As I was realizing it was time to send another devotional, I thought about sharing something I wrote several months ago. It was good. But maybe another time. I feel like I need to share what’s been on my heart this week: jars of clay. Not the band, but the verse:
“We now have this light shining in our hearts, but we ourselves are like fragile clay jars containing this great treasure. This makes it cle
ar that our great power is from God, not from ourselves.” 2 Cor. 4:7
Have you ever felt like a “fragile clay jar” before? I think sometimes we stop at that part—we feel our weakness, our fragility, and maybe even some emptiness. But the beauty of the Gospel is about the treasure and the power that God tucks away inside our weakness through the Holy Spirit. Every now and then we get to see God at work through us—despite the feeling…or because of the feeling—that we don’t have much to offer. And it’s pretty amazing.
This week I was feeling like a fragile clay jar, but I started praying that if God could use me here, I was up for it. Whatever He wanted to put on my agenda, I was available. But even as I prayed that, I didn’t fully expect God to answer. I mean, if there’s someone in need, it would seem more logical to send someone to help them who is feels strong in faith and in their connection with God. Not someone who is feeling weak and has more questions than answers. But God works differently.

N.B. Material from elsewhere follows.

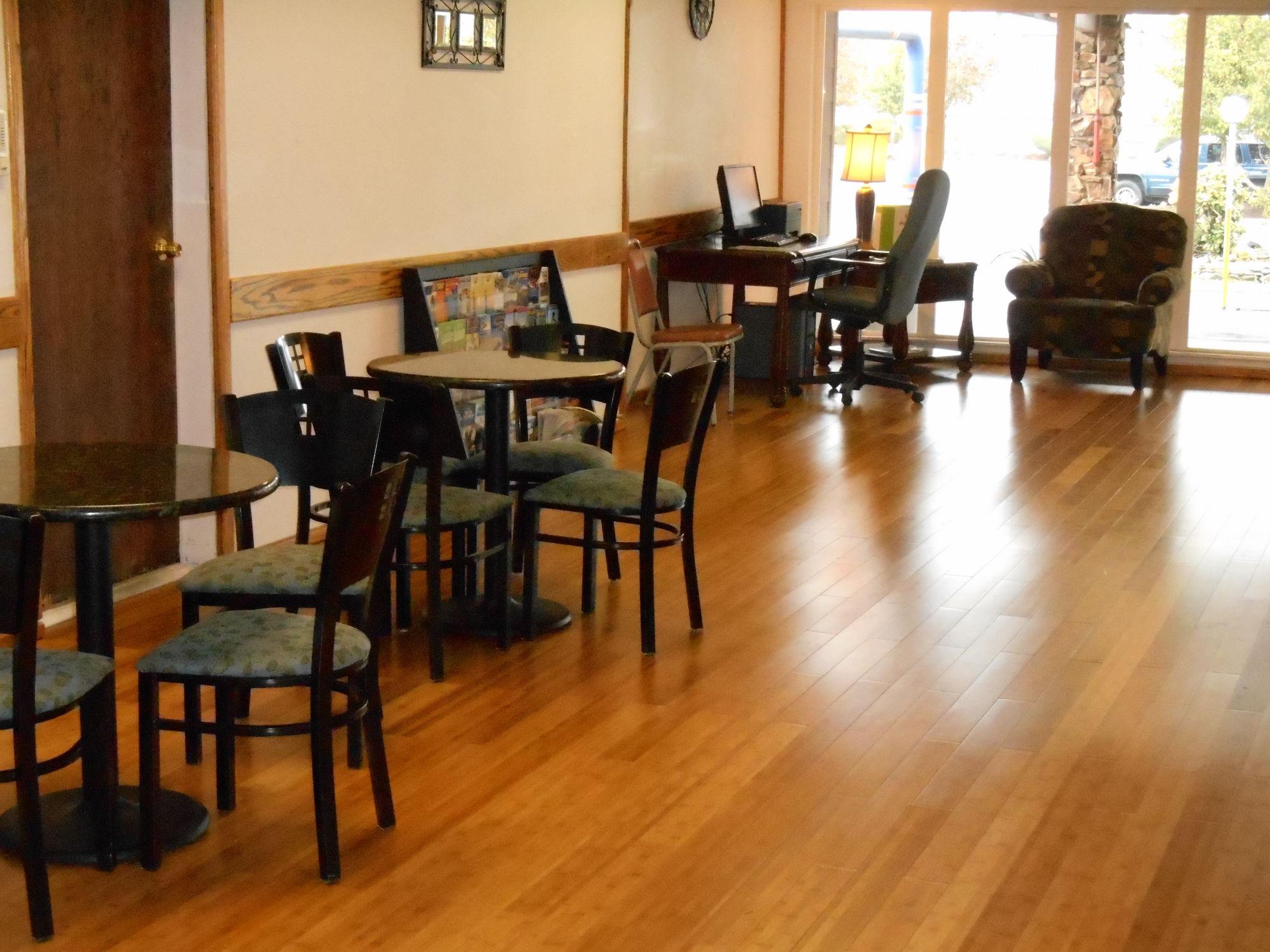 Guesthouse Inn & Suites Eugene/Springfield Dış mekan fotoğraf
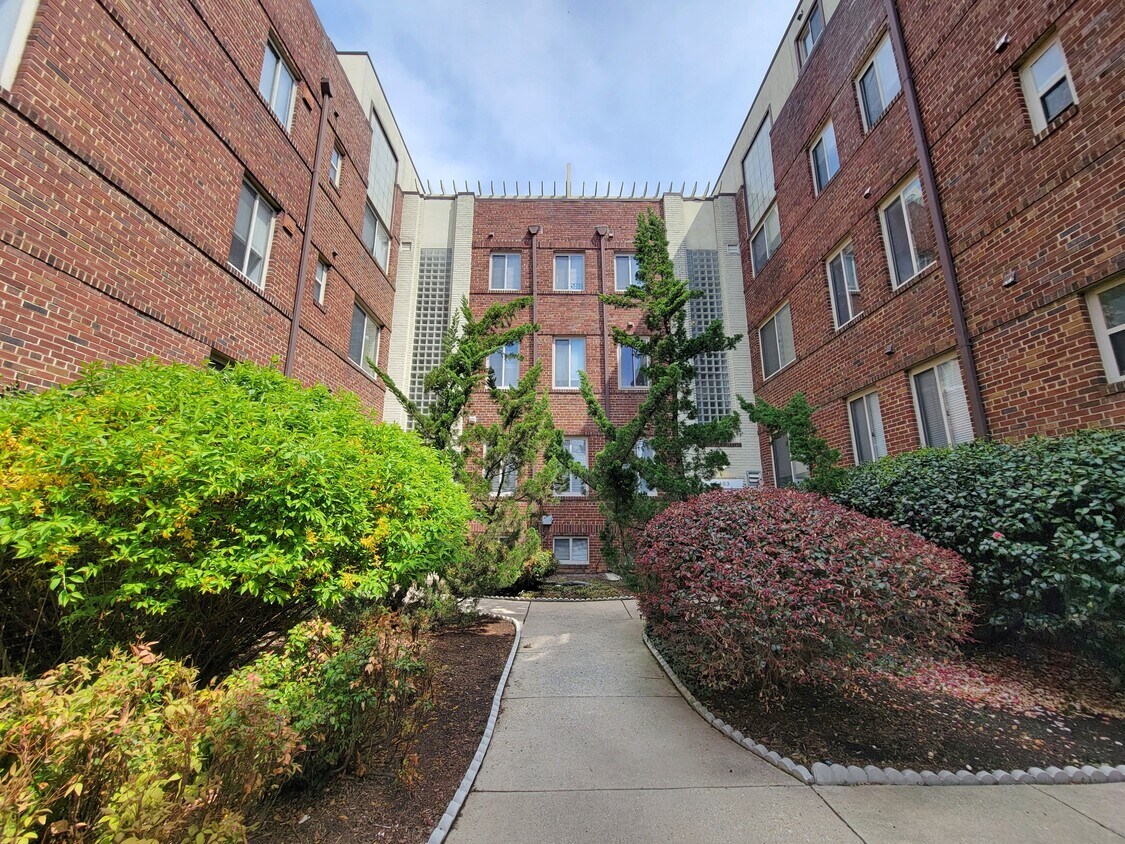 Primary Photo - 5405 9th St NW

“Instead, God chose things the world considers foolish in order to shame those who think they are wise. And he chose things that are powerless to shame those who are powerful. God chose things despised by the world, things counted as nothing at all, and used them to bring to nothing what the world considers important. As a result, no one can ever boast in the presence of God.” – 1 Cor. 1:27-29
On Sunday, I was loading up my kayak afer some time on the lake when an older gentleman walking by greeted me and struck up a conversation. It moved from his discovery and questions about the park to the loss of his wife of 41 years about two years ago. I mostly just listened as he shared his journey of transitioning from living with his best friend to living alone, and trying to figure out how to fill his time and see the world through this completely new lens. He did mention that his faith in God as a Christian was helpful to him, but this journey of healing could only be taken one day at a time.
On Wednesday, I was just leaving work when I saw a young woman who had just parked in our parking lot, standing next to her car, crying. When I asked her if she was ok, she said no, so I stopped to listen to her story, help her find some resources, and pray with her.
I could not set up either of these encounters. I could not prepare for either of these encounters. Only God could arrange for both, but part of that preparation was letting me be in a place of discomfort and feeling my inadequacy so that I could depend on Him and also empathize with those who needed to know someone understood and cared—and especially that God cared enough to put us both at the right place and time to share that moment of grace.
Maybe this prayer of willingness in your weakness is one you are ready to pray. Or maybe it’s a word of encouragement you can share with someone you know who is not feeling up to the task of serving right now. God doesn’t need strong people—He needs open and willing people. That’s all He needs to do His greatest work and let His treasure shine through our fragile clay jars.